She made a breakthrough with the album 24 Giờ 7 Ngày (24 hours 7 days). In the first album ever, she already made her first hit as the song 24 Giờ 7 Ngày (24 Hours 7 Days). However, being a model still prevented her from making much success in music industry, but it was a firm foundation to prove her own position.

2001: Career debut 
In 2001, she was chosen by director Luu Trong Ninh to portray a character in TV drama Hoa Co May, the drama was aired in Saturday Cinema Show on VTV3 at the time. Her first on-screen debut is Huong - an American-Vietnamese girl with tough personality. At that time, she was studying Piano Major at Military Art and Culture College. Although her acting career was short-lived, the audience was still impressed by her.

In 2005, after the release of 39 Độ Yêu (39 Degree of Love) and Chiến Dịch Trái Tim Bên Phải (Right-heart Campaign), she temporarily stopped acting to focus on singing instead.

2004: Debut album 24 Hours 7 Days
She came to Hanoi and met musician Huy Tuan in order to discuss the implementation of her first album. After that, Huy Tuan began working on her debut album as a producer, which was named as  (24 Hours 7 Days), which was released in 2004 by Viet Tan Studio. The songs in the album were produced by Tuan and were composed by famous songwriters such as Duc Tri, Nguyen Xinh Xo, Hong Kien, Duong Thu, An Hieu and Huy Tuan. In the album, the song with same name as the title gained a lot of success and was performed by her on various music shows.
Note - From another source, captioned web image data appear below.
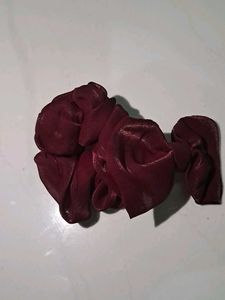 Maroon Scrunchie &amp; Bow Set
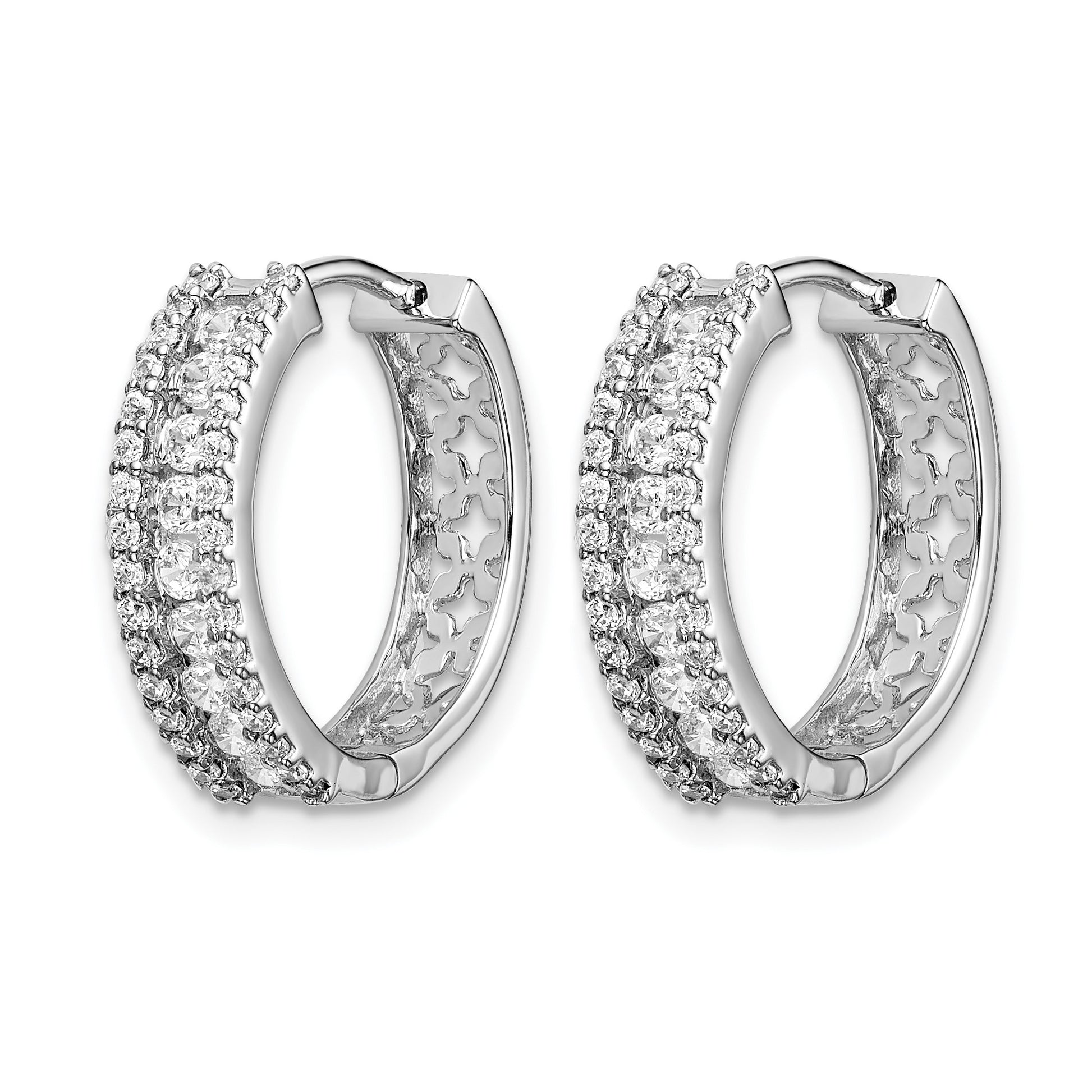 14k White Gold 3-row 7/8 carat Diamond Hinged Hoop Earrings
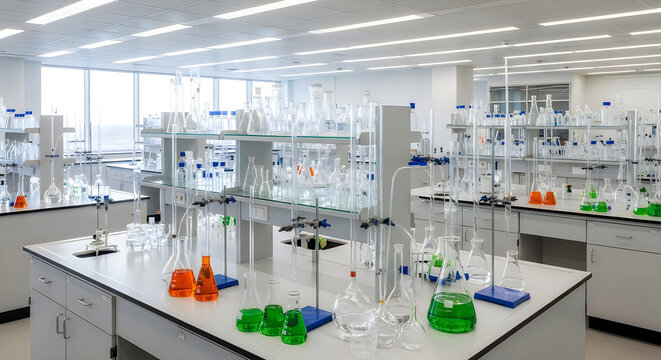 Modern chemistry laboratory with extensive glassware and equipment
In spite of much investment, this album did not make much resonance for her because the album was not widely advertised and there was no promotional music video, until her nude "art" photos were posted online; then her name was mentioned everywhere. In addition, that was when feelings emerged between her and musician Duc Tri. Tri is a close friend of musician Huy Tuan, so the album used his song  (Today He Comes). After that, Tuan introduced two acquaintances and their feelings at the time were a great concern of the media.

2005: Và Em Đã Yêu and start acting again. 
She signed a record deal with songwriter Duc Tri's Music Faces Records, they then worked together for her second album following Huy Tuan's advice. Her next album title is Và Em Đã Yêu (And I'm In Love), which was released in June 2005 by Music Faces Records and Phuong Nam Films. The album was well made primarily focusing on Ho Ngoc Ha's strong image. There were 5 songs in the album composed by Phuong Uyen, Ho Quang Minh and Duc Tri, the 5 other songs were her old songs remixed. Two hit songs of the album were Đêm Nghe Tiếng Mưa (Listening to Night Rain) and Và Em Đã Yêu (And I'm In Love) helped Ho Ngoc Ha become well-known afterward.
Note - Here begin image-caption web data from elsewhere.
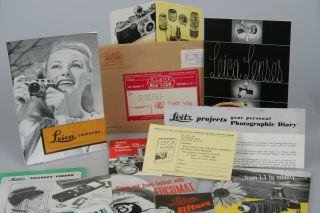 11 Vintage Leica E Leitz Advertising Pamphlets Brochures Envelope 1952 Postmark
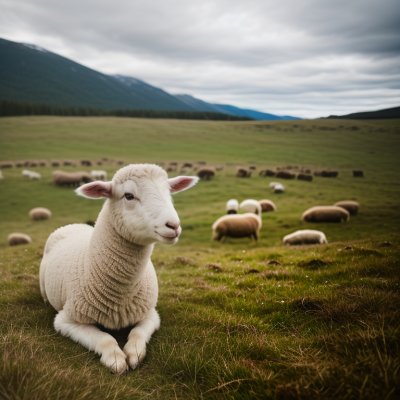 lamb, pink wool, resting, pasture, spring, outdoors, mountains, green grass, nature, wool, sheep, young, farm animal, landscape, cute, field, countryside shot, blue sky, rural, agriculture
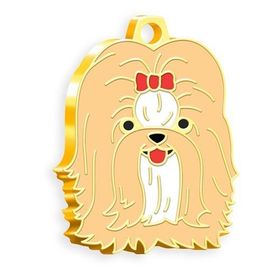 24 Ayar Altın Kaplama Shih-Tzu Beyaz Köpek Künyesi
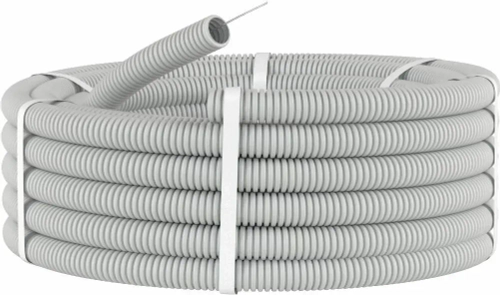 Труба гофрированная ПВХ гибкая легкая d16мм с протяжкой сер. (уп.100м) DKC 91916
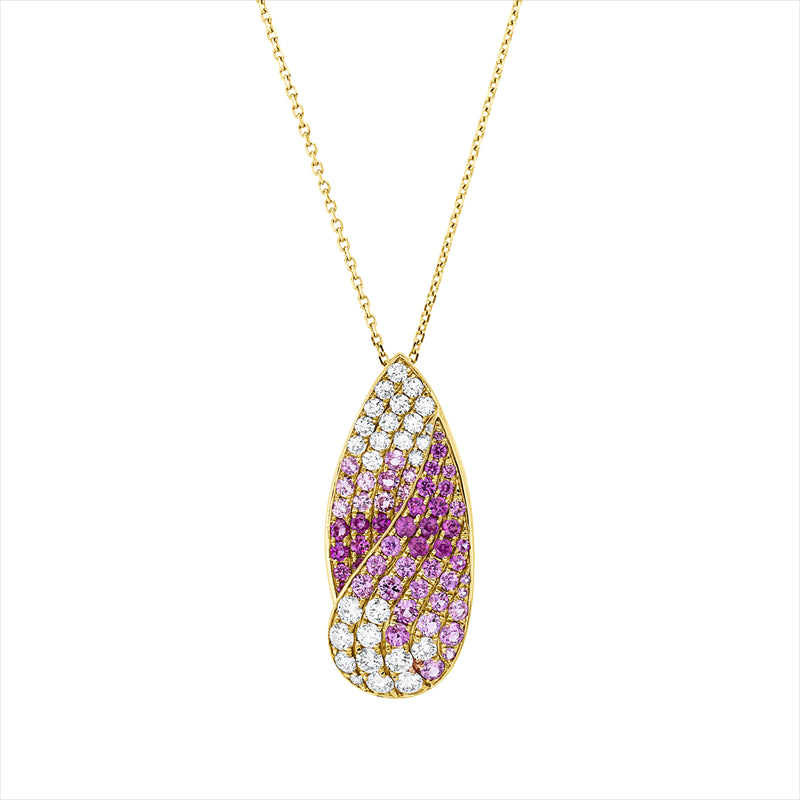 Collier 18 kt RG, mit ZÖ 40 cm, 28 Brill. 0,87 ct, TW-si, 59 Saphire 1,41 ct pink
After the release of second album, she came back to acting in TV drama version of 39 Độ Yêu (39 Degree of Love) consisting 16 episodes - which used to be a 90 minute in length movie that had been released in several Vietnam box office previously. The drama was not as impressive as expected and was criticised by audiences. VnExpress said the movie was a "messy magic show" with "terrible cut from the original". Later, she joined the movie title Chiến Dịch Trái Tim Bên Phải (Right Heart Campaign) released on 10 June 2005. On the contrary of 39 Độ Yêu (39 Degree of Love), this movie gained plenty of positive reviews from the audiences, Hoai Nam from Tuoi Tre Newspaper wrote a list of "5 reasons that you should watch Right Heart Campaign" along with many compliments from the audience toward her acting. After this movie, she stopped to focus on singing (it was not until 2015, she made a cameo in the movie Hy Sinh Đời Trai by Tan Beo which was released on 21 August 2015)
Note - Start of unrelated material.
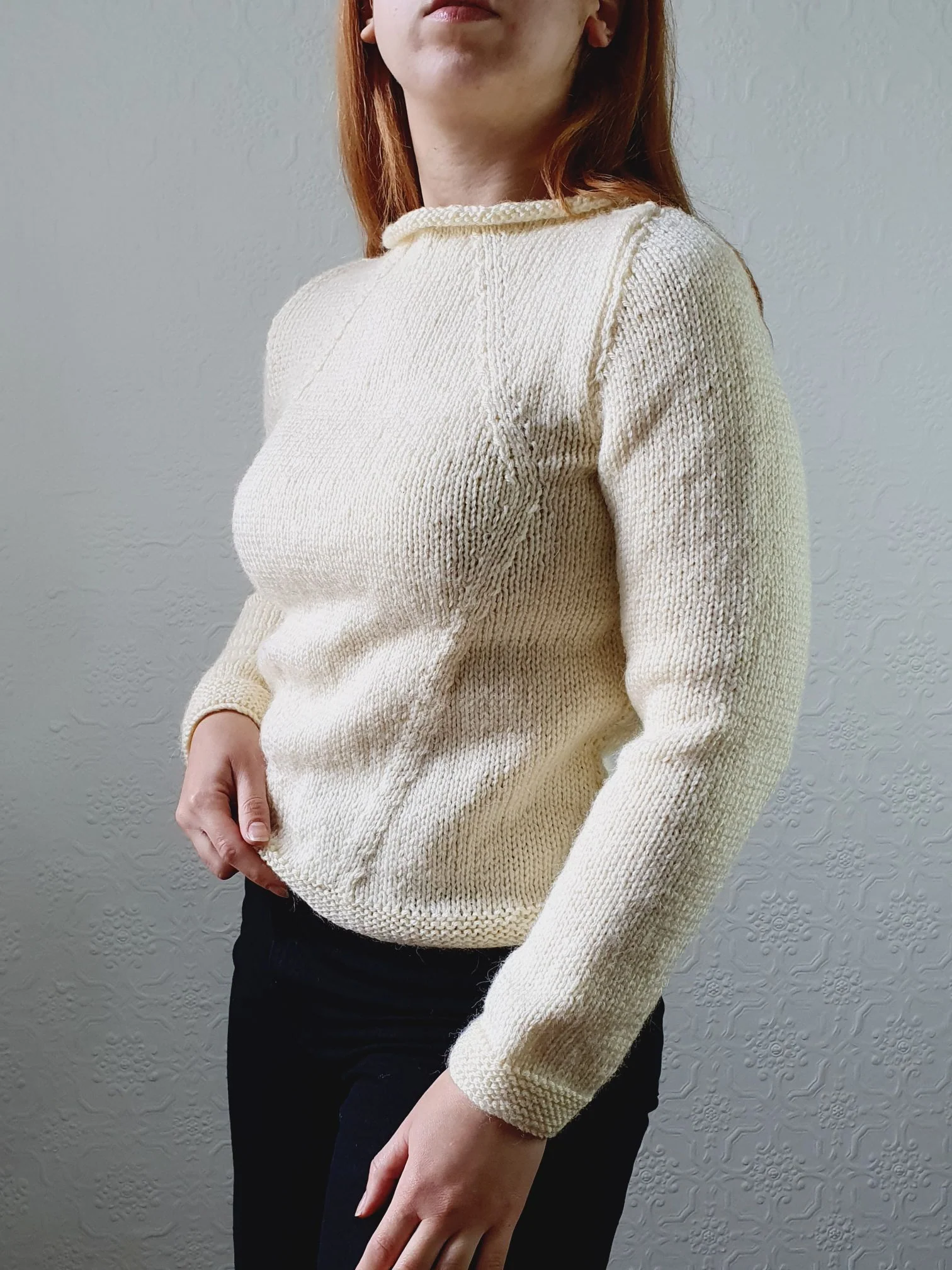 Vintage Pure Wool Handknitted Roll Neck Cream Jumper - XS - Image 5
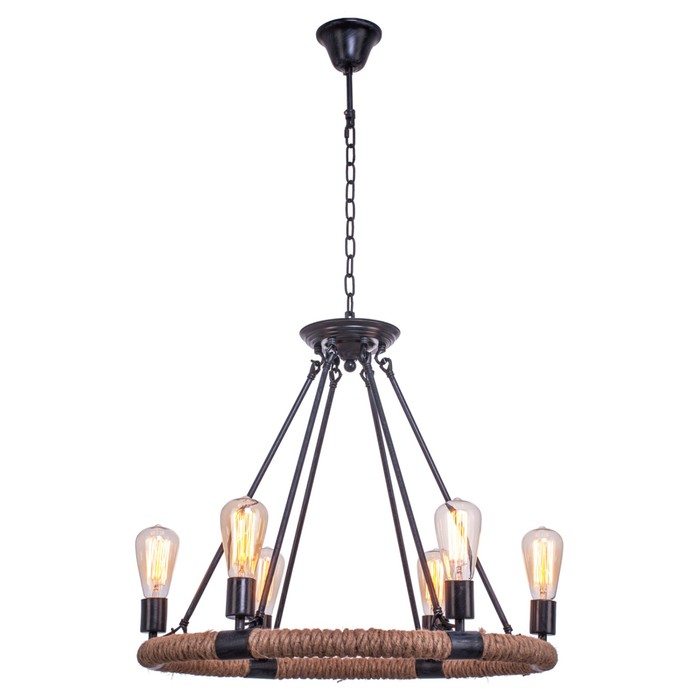 Люстра подвес "Палмер" 6х40W Е27 черный 62х62х120 см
2006: Muốn Nói Với Anh and Ảo Ảnh
Before running her tour in the US, she and other artists together worked on her third album named Muốn Nói Với Anh (I Wanna Tell You). The album was released on 15 December 2006 by Music Faces Records and Galaxy Studio in Vietnam and later on iTunes in the US on 19 December 2016 by Music Faces Records. Huy Tuan and Duc Tri co wrote the album, while Ho Ngoc Ha also wrote the head single herself and two old songs added from last two albums. There were 3 hit songs in this album including Muốn Nói Với Anh (I Wanna Tell You), Giấc Mơ Chỉ Là Giấc Mơ (Dream Is Only Dream) and Đời Bỗng Vui (Life Is Unexpectedly Happy)

During that time, Ho Ngoc Ha and Duc Tuan released an album named Ảo Ảnh (Illusion) which was a collection of classic songs from famous musicians such as Y Van, Van Phung, Ngo Thuy Mien, Pham Manh Cuong, Do Le, Trong Khuong and Huynh Anh. The album was released in Vietnam by Music Faces Records and in the US on 9 October 2006 by Music Published and Pops Worldwide.

2007-2009: Khi Ta Yêu Nhau, The First Single and Và Em Đã Yêu Tour 
In 2007, she recorded her next album Khi Ta Yêu Nhau (When We're In Love) released by Music Faces Records. However, the album wasn't widely advertised and promoted, thus there was no hit in the album, therefore it was considered as a flop of her career. Also in that year, on Sức Sống Mới Show, host Thanh Mai and Trung Dung carried an interview partially regarding her love and career. However, it was said by a source that she had already broken up with Duc Tri for 1 year already. This created confusion but she officially made the announcement regarding the rumor as: "Right now, I'm being at the peaceful stage of my life. Lots of people are curious of why I look so happy though I've had gone through a break up recently. But it's my real feeling. I love with all of my heart therefore once I break up, I regret nothing". Years after the official break up, she still kept on working and collaborating with Music Faces Records.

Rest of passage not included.